When the king of the Visigoths encouraged Avitus to assume the purple, he offered his person and his forces as a faithful soldier of the republic. The exploits of Theodoric soon convinced the world that he had not degenerated from the warlike virtues of his ancestors. After the establishment of the Goths in Aquitania, and the passage of the Vandals into Africa, the Suevi, who had fixed their kingdom in Gallæcia, aspired to the conquest of Spain and threatened to extinguish the feeble remains of the Roman dominion. The provincials of Carthago (Cartagena), and Tarraco (Tarragona), afflicted by a hostile invasion, represented their injuries and their apprehensions.

Count Fronto was despatched, in the name of the emperor Avitus, with advantageous offers of peace and alliance; and Theodoric interposed his weighty mediation to declare that, unless his brother-in-law, the king of the Suevi, immediately retired, he should be obliged to arm in the cause of justice and of Rome. “Tell him,” replied the haughty Rechiarius, “that I despise his friendship and his arms; but that I shall soon try whether he will dare to expect my arrival under the walls of Tolosa.” Such a challenge urged Theodoric to prevent the bold designs of his enemy; he passed the Pyrenees at the head of the Visigoths, the Franks and Burgundians served under his standard, and though he professed himself the dutiful servant of Avitus, he privately stipulated for himself and his successors the absolute possession of his Spanish conquests. The two armies, or rather the two nations, encountered each other on the banks of the river Urbicus, about twelve miles from Augusta Asturica (Astorga); and the decisive victory of the Goths appeared for a while to have extirpated the name and kingdom of the Suevi. From the field of battle Theodoric advanced to Bracara (Braga), their metropolis, which still retained the splendid vestiges of its ancient commerce and dignity. His entrance was not polluted with blood, and the Goths respected the chastity of their female captives, more especially of the consecrated virgins; but the greatest part of the clergy and people were made slaves, and even the churches and altars were confounded in the universal pillage.
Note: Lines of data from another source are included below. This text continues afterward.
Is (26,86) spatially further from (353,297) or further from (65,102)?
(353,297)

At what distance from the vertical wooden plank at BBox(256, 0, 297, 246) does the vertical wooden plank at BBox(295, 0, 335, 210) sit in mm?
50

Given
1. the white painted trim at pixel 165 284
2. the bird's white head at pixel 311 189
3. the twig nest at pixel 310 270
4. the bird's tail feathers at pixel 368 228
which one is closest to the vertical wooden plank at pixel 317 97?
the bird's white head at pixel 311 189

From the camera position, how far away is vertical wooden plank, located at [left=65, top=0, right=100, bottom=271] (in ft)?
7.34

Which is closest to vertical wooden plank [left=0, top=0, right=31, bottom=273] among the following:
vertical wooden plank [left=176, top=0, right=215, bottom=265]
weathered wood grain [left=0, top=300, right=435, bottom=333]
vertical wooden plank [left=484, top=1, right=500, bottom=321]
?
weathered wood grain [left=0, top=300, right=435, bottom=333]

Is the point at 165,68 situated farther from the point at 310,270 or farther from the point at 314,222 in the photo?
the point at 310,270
The unfortunate king of the Suevi had escaped to one of the ports of the ocean, but the obstinacy of the winds opposed his flight; he was delivered to his implacable rival; and Rechiarius, who neither desired nor expected mercy, received with manly constancy the death which he would probably have inflicted. After this bloody sacrifice to policy and resentment, Theodoric carried his victorious arms as far as Augusta Emerita (Merida), the principal town of Lusitania, without meeting any resistance, except from the miraculous powers of St. Eulalia; but he was stopped in the full career of success, and recalled from Spain, before he could provide for the security of his conquests. In his retreat towards the Pyrenees he revenged his disappointment on the country through which he passed; and in the sack of Pallantia and Augusta Asturica he showed himself a faithless ally as well as a cruel enemy.
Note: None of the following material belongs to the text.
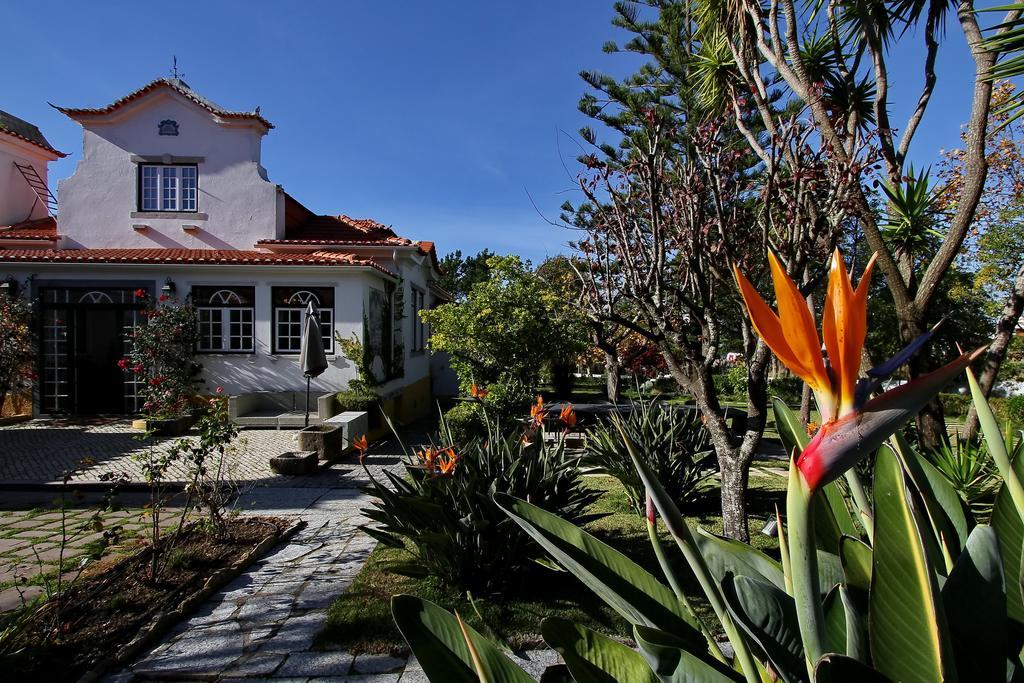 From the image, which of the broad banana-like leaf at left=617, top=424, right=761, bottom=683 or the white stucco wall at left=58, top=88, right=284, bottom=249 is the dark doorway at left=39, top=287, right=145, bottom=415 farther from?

Whilst the king of the Visigoths fought and vanquished in the name of Avitus, the reign of Avitus had expired, and both the honour and the interest of Theodoric were deeply wounded by the disgrace of a friend whom he had seated on the throne of the Western Empire.
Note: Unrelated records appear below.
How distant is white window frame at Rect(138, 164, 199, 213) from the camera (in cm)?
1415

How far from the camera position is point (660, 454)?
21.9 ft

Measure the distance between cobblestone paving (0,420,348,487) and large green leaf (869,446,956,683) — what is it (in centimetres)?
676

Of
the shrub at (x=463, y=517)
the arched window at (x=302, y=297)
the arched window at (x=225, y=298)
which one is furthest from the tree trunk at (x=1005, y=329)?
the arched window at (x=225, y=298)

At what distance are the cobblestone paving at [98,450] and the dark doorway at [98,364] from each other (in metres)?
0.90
The pressing solicitations of the senate and people persuaded the emperor Avitus to fix his residence at Rome, and to accept the consulship for the ensuing year. Avitus, at a time when the imperial dignity was reduced to a pre-eminence of toil and danger, indulged himself in the pleasures of Italian luxury; age had not extinguished his amorous inclinations, and he is accused of insulting, with indiscreet and ungenerous raillery, the husbands whose wives he had seduced or violated.[69] But the Romans were not inclined either to excuse his faults or to acknowledge his virtues. The several parts of the empire became every day more alienated from each other; and the stranger of Gaul was the object of popular hatred and contempt.